La delusione è palpabile tra i milioni di cittadini stranieri che vivono stabilmente in Italia. Secondo le stime di AMSI e Uniti per Unire, oltre 850.000 giovani nati o cresciuti nel nostro Paese si aspettavano un segnale forte. Molti di loro, oggi, si sentono respinti, invisibili, dimenticati da un sistema politico disconnesso dalle loro vite reali.
“L’Italia non può più permettersi di ignorare questi cittadini di fatto – conclude Aodi –. La sanità, la scuola, l’economia, la società civile sono già multietniche e multiculturali. È ora che anche le leggi rispecchino questa realtà.”
“In base ai dati statistici relativi al referendum, l’affluenza si è fermata intorno al 30% per tutti e cinque i quesiti. Un risultato che purtroppo era prevedibile: l’Italia non è ancora pronta ad accogliere pienamente il concetto di cittadinanza, come invece avviene in altri Paesi europei.
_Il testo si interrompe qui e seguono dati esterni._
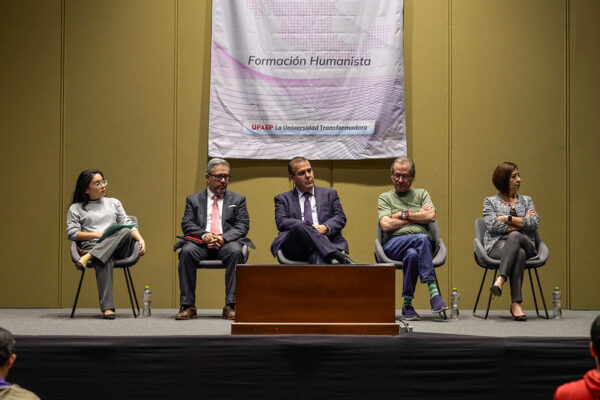 UPAEP | Contrastar información, crucial para ejercer un voto responsable: periodistas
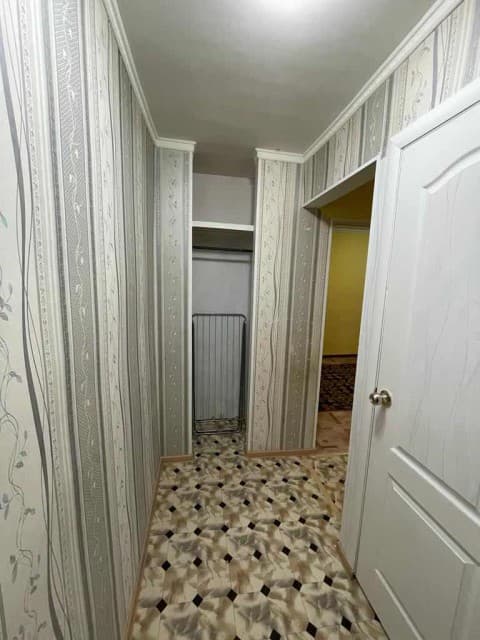1 комн., 29 м², Блочный, Жатай 5
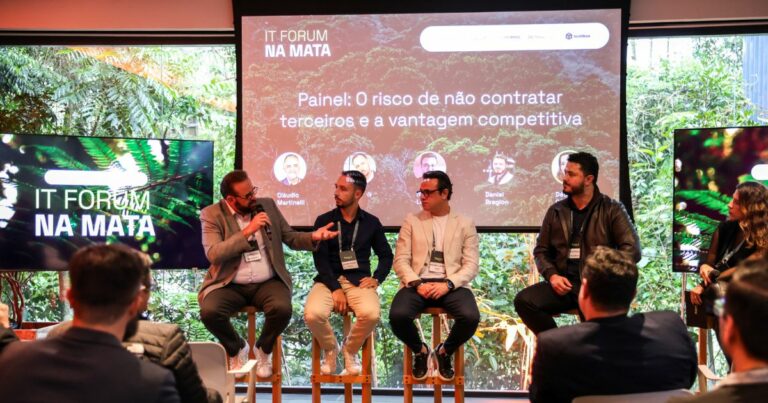 Executivos discutem cibersegurança no IT Forum Na Mata. Foto: PlayP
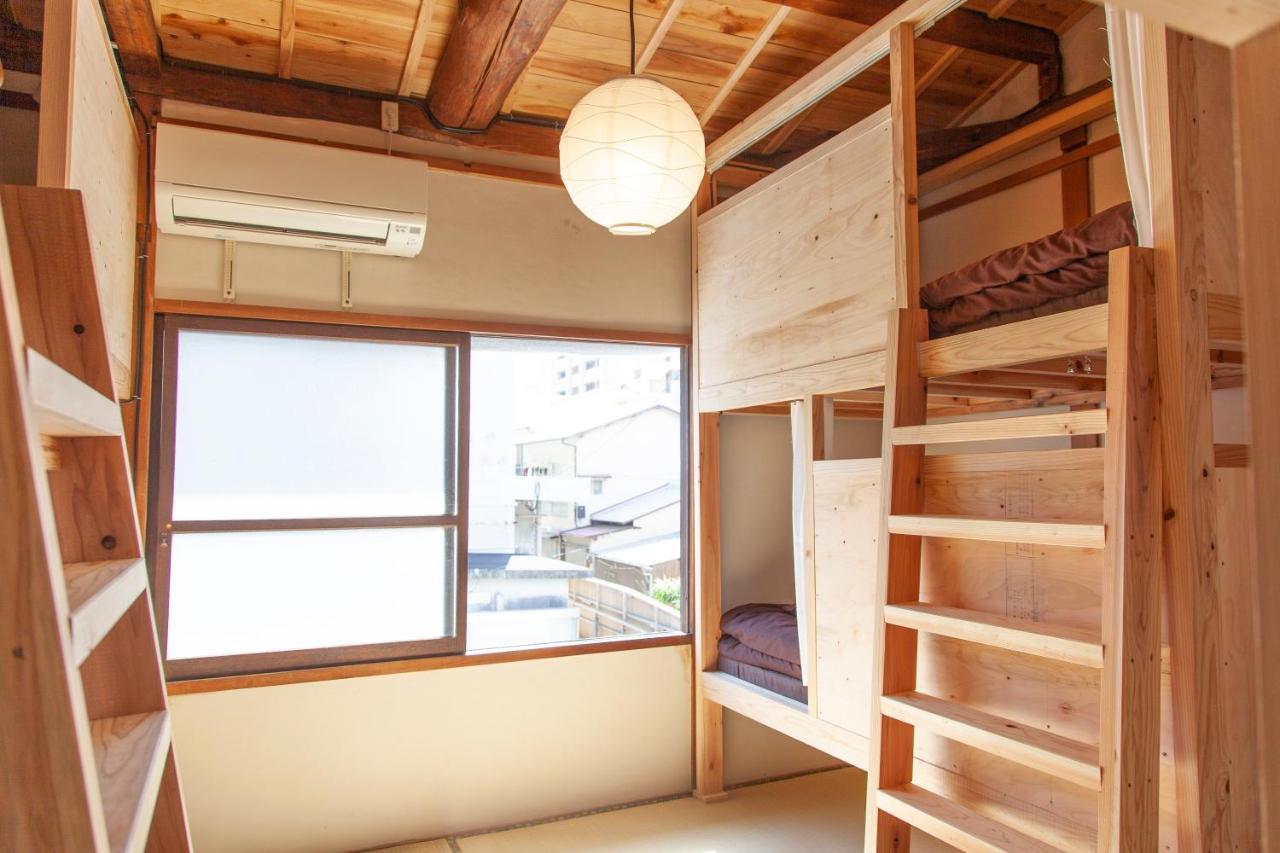 Fukuoka Guesthouse Ship Exteriör bild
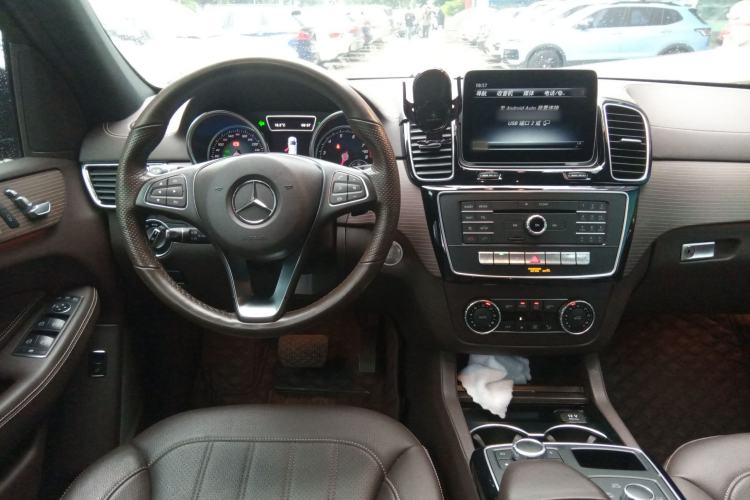 Used Mercedes-Benz GLE 2018 GLE 320 4MATIC Dynamic Edition Collector's Edition Steering Wheel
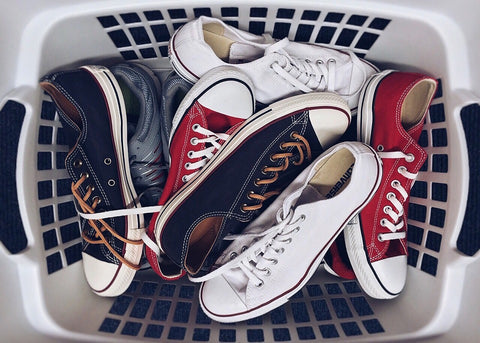 Turnschuhe reinigen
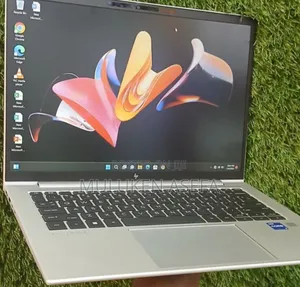 New Laptop HP EliteBook 840 G9 16GB Intel Core I7 SSD 512GB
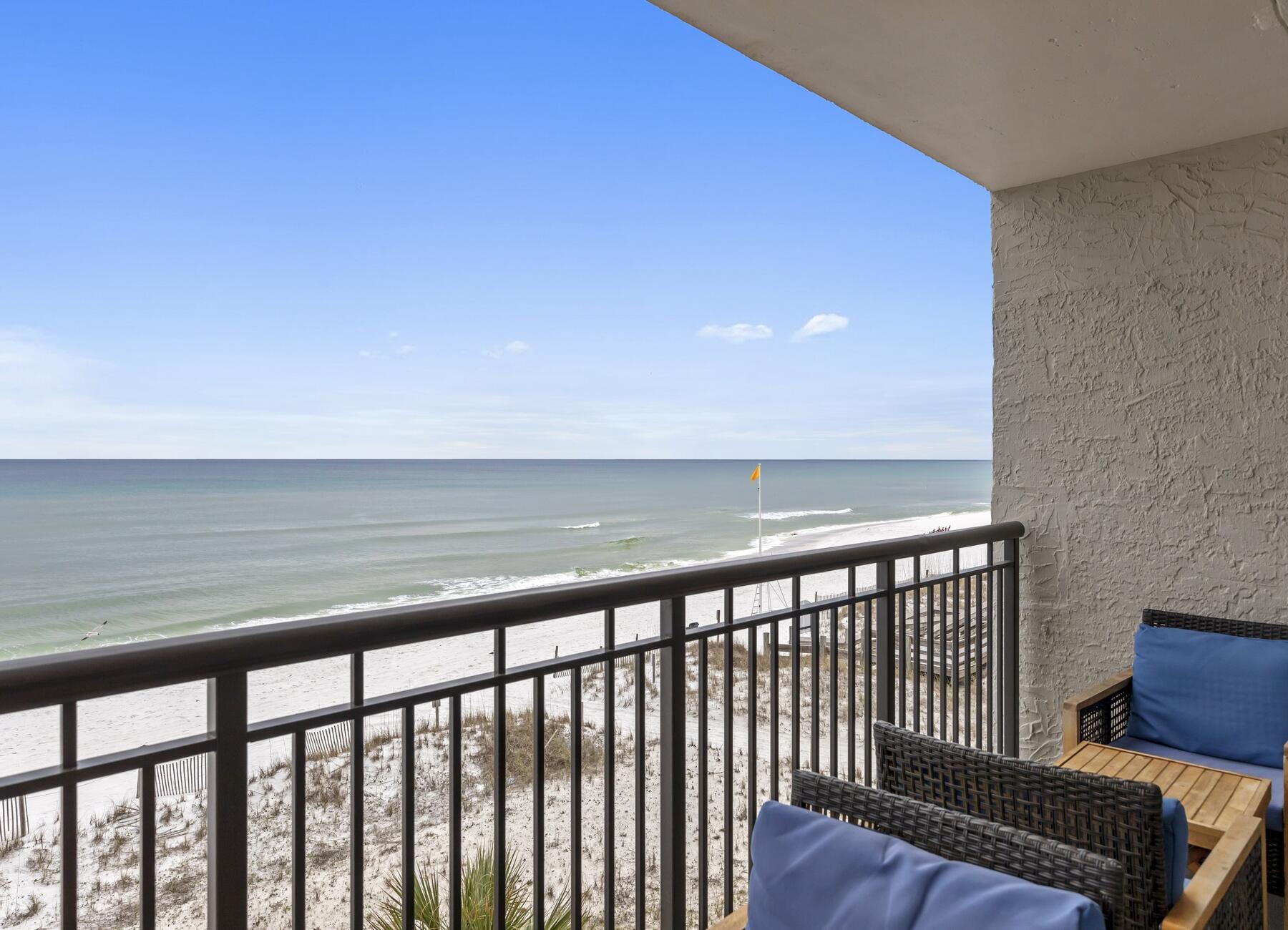 ISLAND ECHO CONDO - Residential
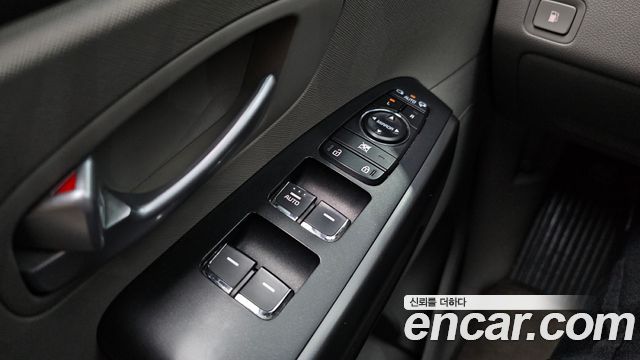 Kia Canival 2016 — photo 32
Non si tratta di razzismo in senso stretto, ma piuttosto del fatto che, troppo spesso, la questione immigrazione viene trattata solo dal punto di vista dell’immigrazione irregolare, soprattutto a livello mediatico.
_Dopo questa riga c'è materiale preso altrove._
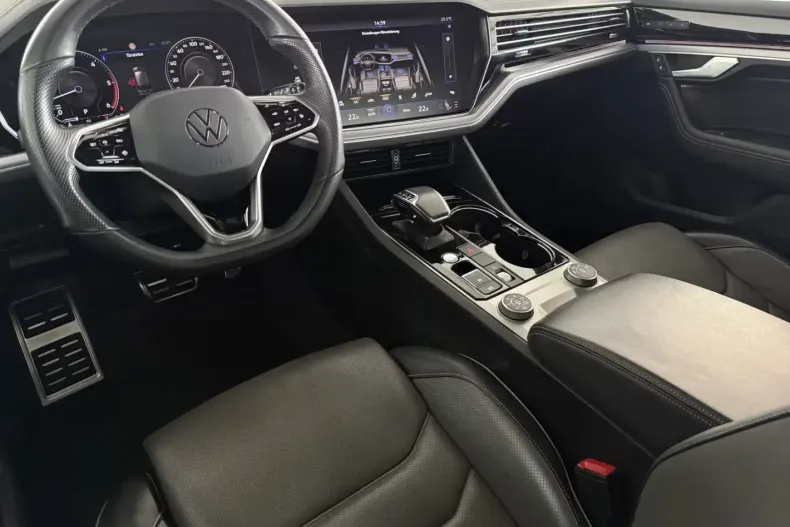 Volkswagen Touareg din 2022 cu 64.500 km - oferta VOL191173 - foto 11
Quasi mai si valorizza in modo adeguato, a livello trasversale e non da tutti i partiti, l’immigrazione qualificata. Alcuni partiti lo fanno, e da tempo abbiamo con loro un buon rapporto. Se in questi anni si fosse adottato un approccio chiaro e coerente con un doppio binario — da una parte promuovere e valorizzare l’immigrazione qualificata, dall’altra contrastare l’immigrazione irregolare e tutte le sue conseguenze, sia durante il ‘viaggio della speranza’ che all’arrivo — probabilmente oggi non ci troveremmo con un 30% di voti contrari al quesito sulla cittadinanza.
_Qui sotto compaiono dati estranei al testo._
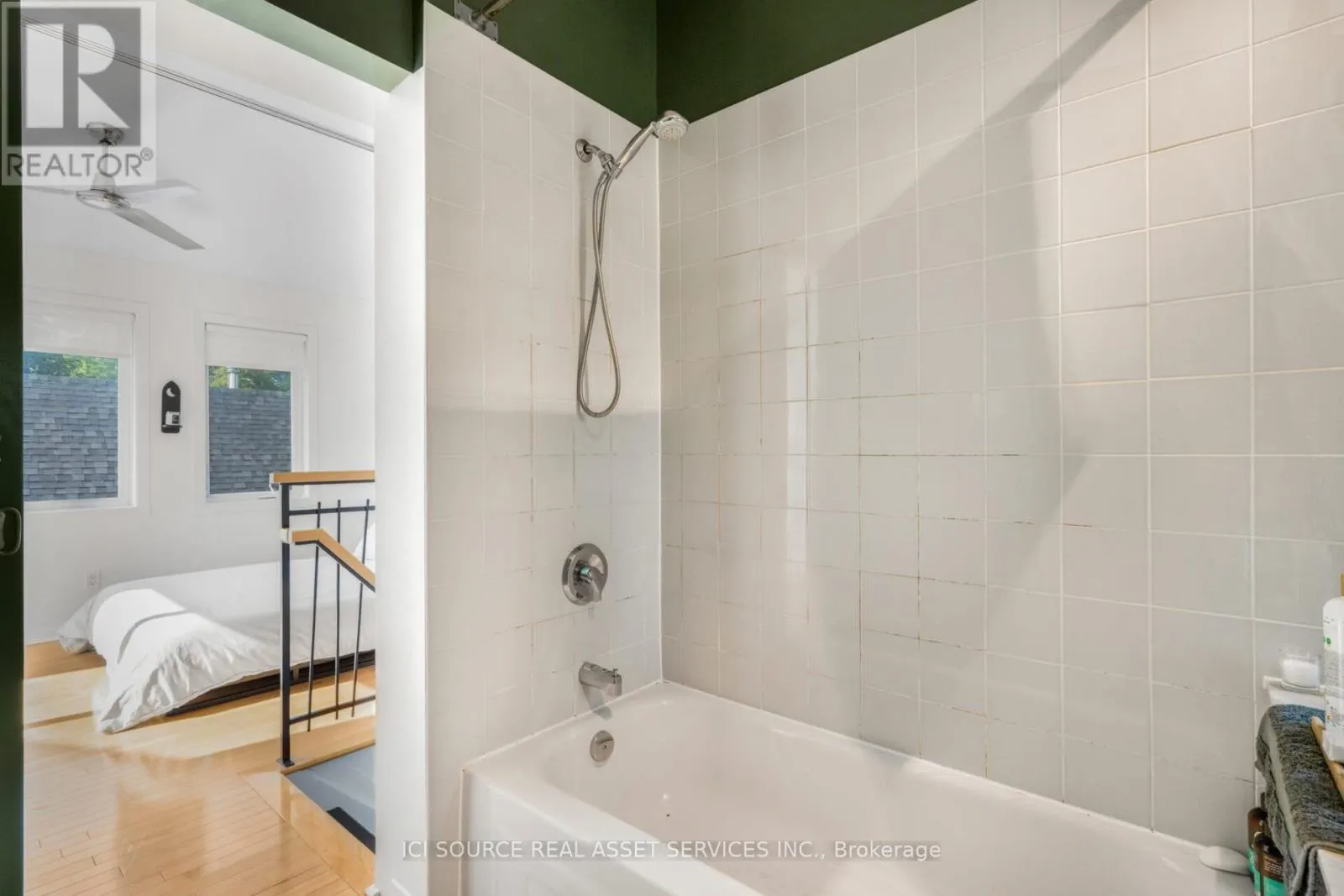 1137 GLADSTONE AVENUE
Per questo motivo, noi non accettiamo più che qualcuno si erga a portavoce delle nostre istanze senza alcun mandato. Non accettiamo più candidati imposti dall’alto, scelti magari per una temporanea notorietà televisiva o per rapporti personali, senza alcun consenso reale o collegamento con le reti delle comunità di origine straniera attive in Italia da decenni. basta vedere i risultati negli ultimi 20 anni per i candidati di origine straniera a livello comunale, regionale, nazionale, senza nessuna strategia e programmi e coinvolgimento dal basso.
Noi collaboriamo con queste comunità fin dal 1985, e continueremo a farlo. Ma non accettiamo più deleghe forzate, né candidature calate dall’alto a nostro nome. Al contrario, vogliamo rafforzare la nostra rete, che è una rete italiana a tutti gli effetti, non solo composta da persone di origine straniera. È una rete laica, indipendente, apartitica e fondata su valori di cittadinanza attiva e reale integrazione.
È tempo di promuovere un movimento spontaneo, autentico e unito: Uniti per Unire, per l’Unione per l’Italia.”